INFORMATION SUPPLIED
******************************

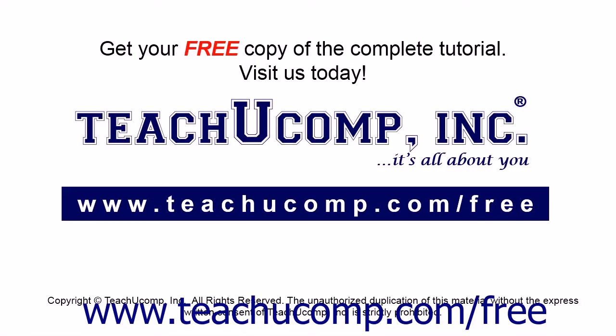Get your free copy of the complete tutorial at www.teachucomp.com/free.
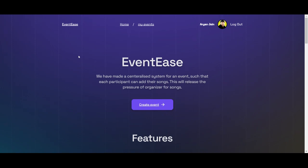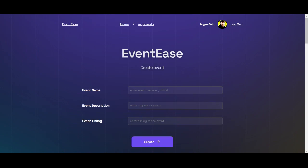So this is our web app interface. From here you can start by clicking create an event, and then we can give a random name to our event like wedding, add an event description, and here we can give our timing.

******************************

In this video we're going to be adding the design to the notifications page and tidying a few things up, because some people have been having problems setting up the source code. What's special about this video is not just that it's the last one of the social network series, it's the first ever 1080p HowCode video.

******************************

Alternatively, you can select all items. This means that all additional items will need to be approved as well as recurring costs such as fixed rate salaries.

******************************

EXERCISE PROMPT
Reproduce exactly, with no pictures, the lines above from the one holding "Get your free" to the one holding "So this is our", inclusive.

RESPONSE TO THIS TASK
Get your free copy of the complete tutorial at www.teachucomp.com/free.
So this is our web app interface. From here you can start by clicking create an event, and then we can give a random name to our event like wedding, add an event description, and here we can give our timing.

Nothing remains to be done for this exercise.